A Small Web Scraping Project in R
Get S&P 500 tickers on a user-specified date
Motivation
The first step to developing a trading strategy is finding some historical data. Before you can do that, you have to decide on a “pool” of funds to include.
For example, Vanguard offers commission-free trades on their ETF’s, so you might consider developing a strategy based just on that pool of ~75 ETF’s. I did that once; it was an anti-momentum strategy, and no, it didn’t work.
Another idea is to use the 500 individual companies in the S&P 500. I think 500 is a reasonable number, and there are pros to working with big, mostly recognizable companies. It seems like there must be profitable strategies to discover in historical S&P data. Buy the newcomers, buy the hottest stock in each sector, pair-trade the newest stock to outperform the oldest, etc.
It’s easy to get a list of S&P 500 tickers as of today. There’s a Wikipedia page, which you could scrape, although it would probably be easier to just copy-paste into Excel and then load into R (or Python, etc.).
Problem is, anytime you start with a current list of stocks, you open the door to survivorship bias. None of the companies currently in the S&P have suffered catastrophic losses over the past few years, otherwise they wouldn’t be still be in the S&P.
What we really need is a list of S&P tickers at the start of the historical period we want to use to develop our strategy. This is doable thanks to Wikipedia’s Revision history, and for a one-time thing we could just navigate to the right date and copy-paste the table. But it’d be nice to have a function to do it automatically, and at least some other folks seem to be interested.
Pseudocode
Basically, the project involves two parts: (1) given a user-specified date, find the right URL; and (2) given such a URL, scrape the Wikipedia table.
The function should work something like this:
get_sp500_tickers = function(date = Today) {1. Use lookup table to find URL of closest revision on/before 'date'
2. Scrape table from that URL
3. Do basic formatting/cleaning, if necessary
4. Return list of ~500 ticker symbols}
Development
Given URL, get tickers
I started by trying to figure out how to scrape the current Wikipedia page.
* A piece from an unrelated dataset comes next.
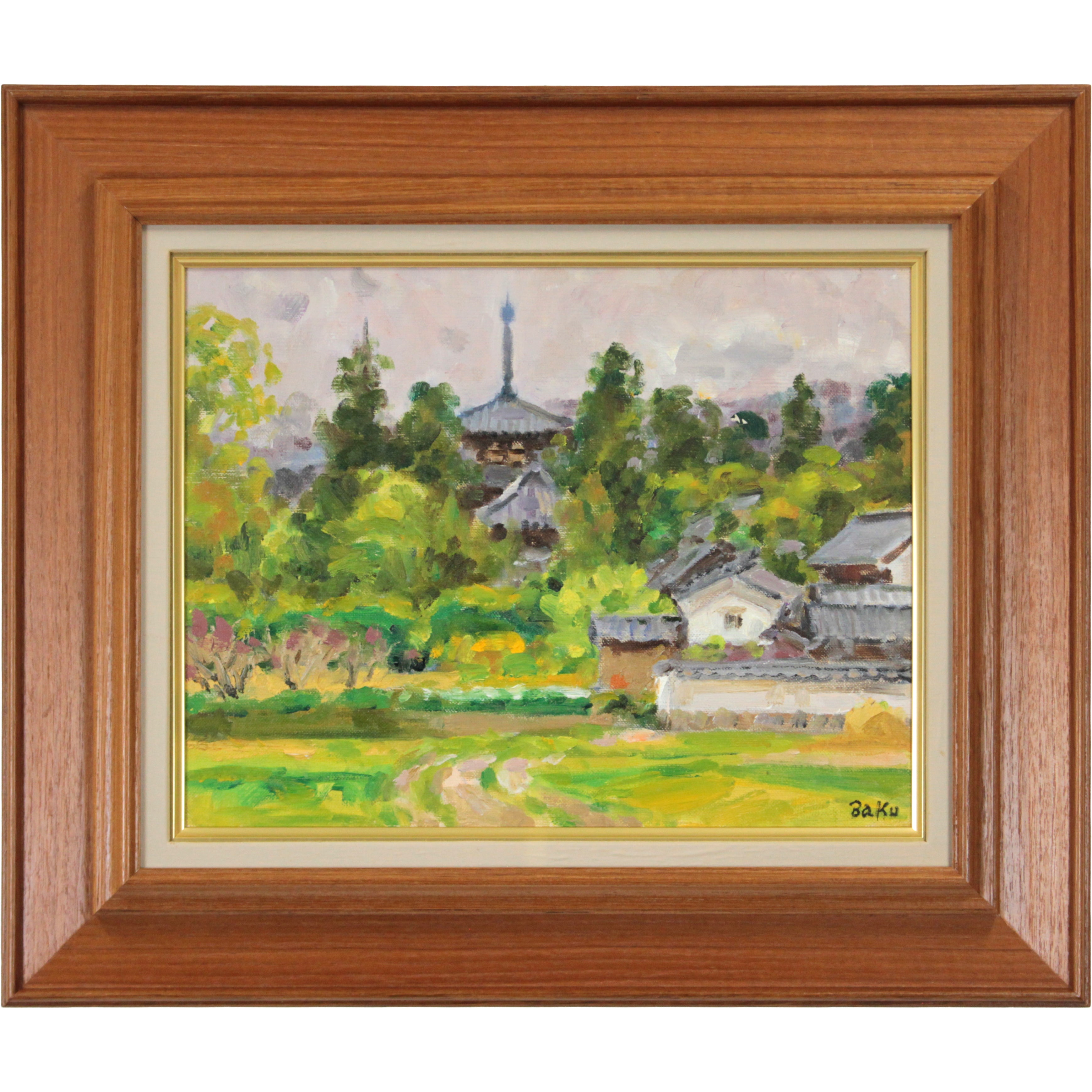 松浦莫章 『斑鳩の春』 油彩画 - 北海道画廊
After some Googling, I found a tidyverse tool: Hadley Wickham’s rvest package.
This is the code I came up with:
url <- "https://en.wikipedia.org/wiki/List_of_S%26P_500_companies"
df <- url %>%
read_html() %>%
html_node("table") %>%
html_table()
The result is a data frame, but all we need is the ticker symbols from the first column. Here’s what it looks like:
tickers <- df[[1]]
head(tickers)
[1] "MMM" "ABT" "ABBV" "ABMD" "ACN" "ATVI"
I also confirmed that the above code also works with a much older version of the page (Jan. 4, 2006).
Some basic cleaning
I noticed that Wikipedia uses periods in ticker symbols like BF.B and BRK.B, while Yahoo! Finance uses dashes (BF-B, BRK-B). The popular R package for downloading historical data, quantmod, uses Yahoo! Finance, so I think it’s a good idea to replace the .’s with -’s. That’s easy:
gsub("[.]", "-", x = tickers)
Given date, get URL
The other thing we have to figure out is how to go from a user-specified date to the appropriate page from Wikipedia’s Revision history.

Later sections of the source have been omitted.